我想, 我的確興幸父母當時買下了這些《漫畫莊子》,讓我很年輕的時候就已經與這些抽象的想法為伍.

20120225

由一個概念說起:幽靈

在《賈寶玉》的工作過程中, 我有時候會感覺到, 台上的演員, 尤其是以同一角色的分身者, 就如某種的幽靈一樣的存在於舞台上. ( 這個感覺, 其一個演員在她最近的博客中也有提及)
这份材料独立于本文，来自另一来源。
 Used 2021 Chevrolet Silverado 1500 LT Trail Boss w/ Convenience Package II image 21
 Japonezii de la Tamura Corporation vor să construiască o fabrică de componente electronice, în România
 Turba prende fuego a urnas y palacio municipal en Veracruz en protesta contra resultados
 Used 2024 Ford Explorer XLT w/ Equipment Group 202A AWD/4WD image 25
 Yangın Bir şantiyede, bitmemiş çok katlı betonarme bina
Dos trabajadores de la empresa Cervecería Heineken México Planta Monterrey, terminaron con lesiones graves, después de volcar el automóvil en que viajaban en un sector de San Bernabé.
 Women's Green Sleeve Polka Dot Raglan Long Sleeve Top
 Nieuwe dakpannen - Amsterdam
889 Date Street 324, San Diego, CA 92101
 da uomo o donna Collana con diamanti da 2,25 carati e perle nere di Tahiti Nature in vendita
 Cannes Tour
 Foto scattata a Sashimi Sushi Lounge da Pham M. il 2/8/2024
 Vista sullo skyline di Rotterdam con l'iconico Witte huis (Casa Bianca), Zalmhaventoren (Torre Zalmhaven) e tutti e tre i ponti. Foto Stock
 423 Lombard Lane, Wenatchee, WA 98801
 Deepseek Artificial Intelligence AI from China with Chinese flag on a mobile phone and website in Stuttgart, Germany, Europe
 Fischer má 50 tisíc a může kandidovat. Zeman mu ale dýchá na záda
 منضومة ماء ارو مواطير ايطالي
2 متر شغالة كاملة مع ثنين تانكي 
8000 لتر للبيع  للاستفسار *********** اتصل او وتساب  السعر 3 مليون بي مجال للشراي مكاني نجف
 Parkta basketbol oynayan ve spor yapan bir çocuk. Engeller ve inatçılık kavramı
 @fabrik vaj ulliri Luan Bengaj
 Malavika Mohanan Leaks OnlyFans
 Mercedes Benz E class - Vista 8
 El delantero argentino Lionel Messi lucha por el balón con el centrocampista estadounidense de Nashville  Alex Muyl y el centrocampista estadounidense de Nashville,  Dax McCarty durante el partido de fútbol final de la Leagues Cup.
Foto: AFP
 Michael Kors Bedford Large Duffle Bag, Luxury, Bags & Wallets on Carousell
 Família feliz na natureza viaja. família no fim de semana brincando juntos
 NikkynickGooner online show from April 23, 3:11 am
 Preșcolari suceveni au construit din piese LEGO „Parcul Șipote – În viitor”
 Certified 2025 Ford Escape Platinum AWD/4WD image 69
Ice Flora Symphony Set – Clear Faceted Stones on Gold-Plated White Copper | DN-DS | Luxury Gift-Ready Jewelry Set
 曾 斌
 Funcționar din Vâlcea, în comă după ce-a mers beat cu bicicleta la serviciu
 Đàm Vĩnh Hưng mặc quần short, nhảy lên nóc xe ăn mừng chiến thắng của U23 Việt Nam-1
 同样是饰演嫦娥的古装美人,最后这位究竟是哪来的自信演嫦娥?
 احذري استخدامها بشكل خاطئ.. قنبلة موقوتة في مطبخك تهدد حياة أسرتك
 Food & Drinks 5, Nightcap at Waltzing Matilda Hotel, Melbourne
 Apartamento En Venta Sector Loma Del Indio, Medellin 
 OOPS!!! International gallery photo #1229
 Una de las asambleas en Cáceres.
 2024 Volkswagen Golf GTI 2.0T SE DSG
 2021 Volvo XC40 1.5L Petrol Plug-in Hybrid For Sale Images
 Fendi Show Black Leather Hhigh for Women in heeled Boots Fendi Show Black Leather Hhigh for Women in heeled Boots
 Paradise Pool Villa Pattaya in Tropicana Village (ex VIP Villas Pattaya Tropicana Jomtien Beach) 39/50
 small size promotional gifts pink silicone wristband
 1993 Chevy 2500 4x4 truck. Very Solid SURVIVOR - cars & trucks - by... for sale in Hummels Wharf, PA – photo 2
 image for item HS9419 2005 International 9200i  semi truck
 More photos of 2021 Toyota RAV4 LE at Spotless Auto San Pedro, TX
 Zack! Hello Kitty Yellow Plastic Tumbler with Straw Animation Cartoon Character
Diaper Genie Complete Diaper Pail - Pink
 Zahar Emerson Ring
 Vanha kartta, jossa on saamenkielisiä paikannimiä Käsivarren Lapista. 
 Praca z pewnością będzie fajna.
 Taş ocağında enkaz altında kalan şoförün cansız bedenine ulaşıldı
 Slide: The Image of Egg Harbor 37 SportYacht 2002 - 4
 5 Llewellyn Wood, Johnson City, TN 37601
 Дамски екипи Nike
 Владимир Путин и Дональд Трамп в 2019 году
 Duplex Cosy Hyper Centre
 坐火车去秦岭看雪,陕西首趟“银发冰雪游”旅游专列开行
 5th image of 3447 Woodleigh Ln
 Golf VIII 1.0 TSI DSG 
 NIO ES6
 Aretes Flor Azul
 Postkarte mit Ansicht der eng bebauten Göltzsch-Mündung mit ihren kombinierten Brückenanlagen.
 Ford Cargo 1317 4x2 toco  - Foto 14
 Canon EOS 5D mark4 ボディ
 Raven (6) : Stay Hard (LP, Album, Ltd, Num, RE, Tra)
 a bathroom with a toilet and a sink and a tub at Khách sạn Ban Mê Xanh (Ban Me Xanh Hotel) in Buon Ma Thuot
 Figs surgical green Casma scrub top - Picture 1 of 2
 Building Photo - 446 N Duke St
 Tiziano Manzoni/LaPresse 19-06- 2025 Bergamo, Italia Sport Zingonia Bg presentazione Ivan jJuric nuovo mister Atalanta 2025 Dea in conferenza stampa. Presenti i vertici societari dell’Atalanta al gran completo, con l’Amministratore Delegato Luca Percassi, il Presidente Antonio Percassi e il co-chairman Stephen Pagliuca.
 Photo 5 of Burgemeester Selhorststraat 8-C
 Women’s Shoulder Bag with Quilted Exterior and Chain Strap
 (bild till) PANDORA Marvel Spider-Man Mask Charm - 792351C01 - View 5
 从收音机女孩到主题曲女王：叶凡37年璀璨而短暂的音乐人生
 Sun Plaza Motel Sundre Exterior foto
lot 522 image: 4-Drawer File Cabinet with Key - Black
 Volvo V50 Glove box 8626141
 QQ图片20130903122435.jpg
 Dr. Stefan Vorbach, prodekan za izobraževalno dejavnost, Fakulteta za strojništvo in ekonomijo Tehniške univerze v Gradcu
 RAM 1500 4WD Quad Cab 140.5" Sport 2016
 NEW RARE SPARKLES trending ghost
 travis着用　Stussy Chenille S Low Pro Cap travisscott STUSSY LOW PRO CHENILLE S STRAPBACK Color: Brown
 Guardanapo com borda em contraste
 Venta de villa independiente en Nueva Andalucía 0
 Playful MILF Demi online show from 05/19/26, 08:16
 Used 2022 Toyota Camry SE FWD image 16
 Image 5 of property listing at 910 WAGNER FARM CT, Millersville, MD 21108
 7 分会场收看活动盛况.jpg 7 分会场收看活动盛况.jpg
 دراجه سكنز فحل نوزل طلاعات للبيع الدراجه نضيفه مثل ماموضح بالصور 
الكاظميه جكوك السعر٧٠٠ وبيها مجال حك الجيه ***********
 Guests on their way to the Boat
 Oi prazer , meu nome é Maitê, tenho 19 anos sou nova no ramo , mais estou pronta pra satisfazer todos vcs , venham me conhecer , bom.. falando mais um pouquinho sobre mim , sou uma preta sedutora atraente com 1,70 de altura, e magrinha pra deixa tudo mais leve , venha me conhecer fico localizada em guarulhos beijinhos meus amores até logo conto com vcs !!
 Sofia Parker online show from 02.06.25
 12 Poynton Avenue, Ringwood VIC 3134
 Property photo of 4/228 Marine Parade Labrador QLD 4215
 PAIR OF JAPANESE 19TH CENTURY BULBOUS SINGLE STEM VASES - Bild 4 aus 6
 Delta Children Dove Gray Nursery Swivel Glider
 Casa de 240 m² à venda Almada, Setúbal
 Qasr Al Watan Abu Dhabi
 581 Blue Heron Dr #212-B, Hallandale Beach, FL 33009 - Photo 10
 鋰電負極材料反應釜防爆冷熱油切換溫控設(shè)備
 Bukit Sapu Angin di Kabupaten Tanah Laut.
http://blog.sina.com.cn/s/blog_6e563ed40100yqbt.html

當然, 她是從廢墟這個角度來看的. 我則是從另一個角度來看幽靈這件事. 在林奕華的作品當中, 經常出現的, 是演員分飾不同的一物, 或多人分飾同一個人物. 在我看來, 這是一種幽靈式的存在. 這些角色都不是真的在演人物, 而是一種精神的存在.  而只有精神的存在, 不就是幽靈嗎?

幽靈, 是一種精神的存在. 它之所以讓人感到可怕, 也許是因為它的無形, 而讓人無法具體的描述它, 而且它可以無處不在, 無限的衍生. 一種精神的存在, 是可以透過不同的方式傳到別人的意識當中. 因此它也無法以任何實在的方法去趕跑. 它可以纏繞在人的心中不散, 或潛藏在人的心底裡, 等待時機重現. 幽靈的可怕在於我們對它不能簡單的控制, 而是要從內在去驅散.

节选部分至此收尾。